In the listing below, find the line with "パルク(parc)&nbsp;bob perm" and the line with "EMO1 10 Geluiden van Mother Gaia", then return them and every line between them exactly, minus the pictures.

▸ Material supplied:
--- START ---
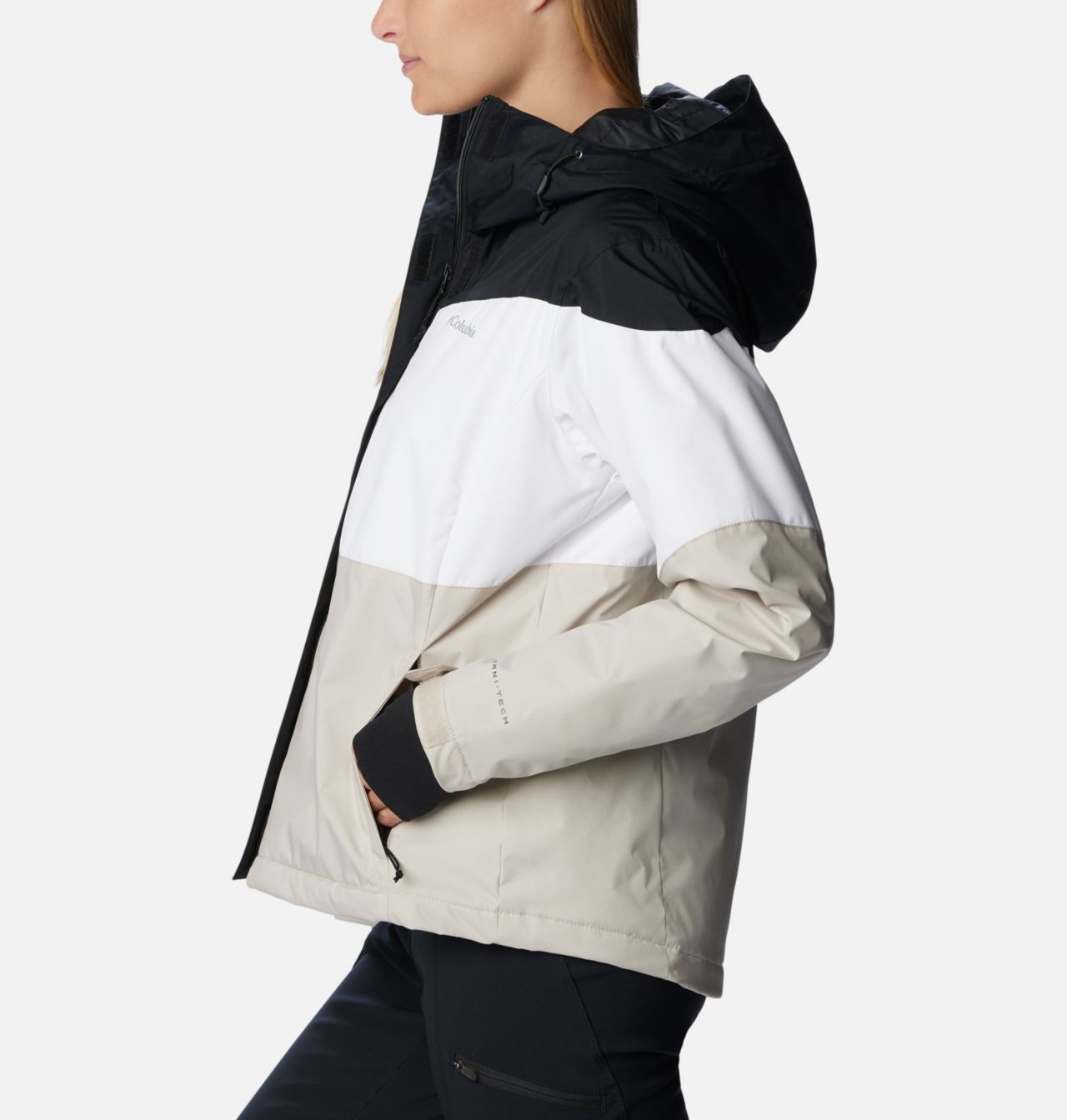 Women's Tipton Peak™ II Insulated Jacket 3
--- END ---
--- START ---
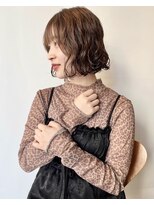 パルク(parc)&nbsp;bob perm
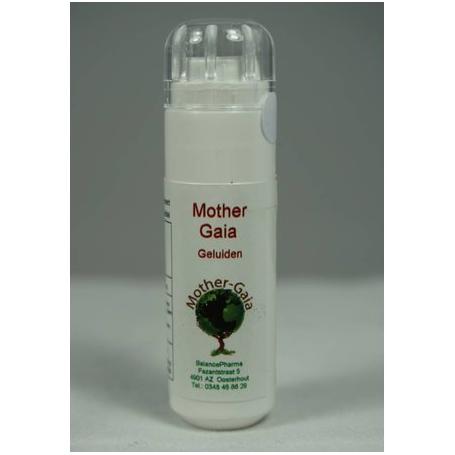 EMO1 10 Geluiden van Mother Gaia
--- END ---
▸ Result of this exercise:
 パルク(parc)&nbsp;bob perm
 EMO1 10 Geluiden van Mother Gaia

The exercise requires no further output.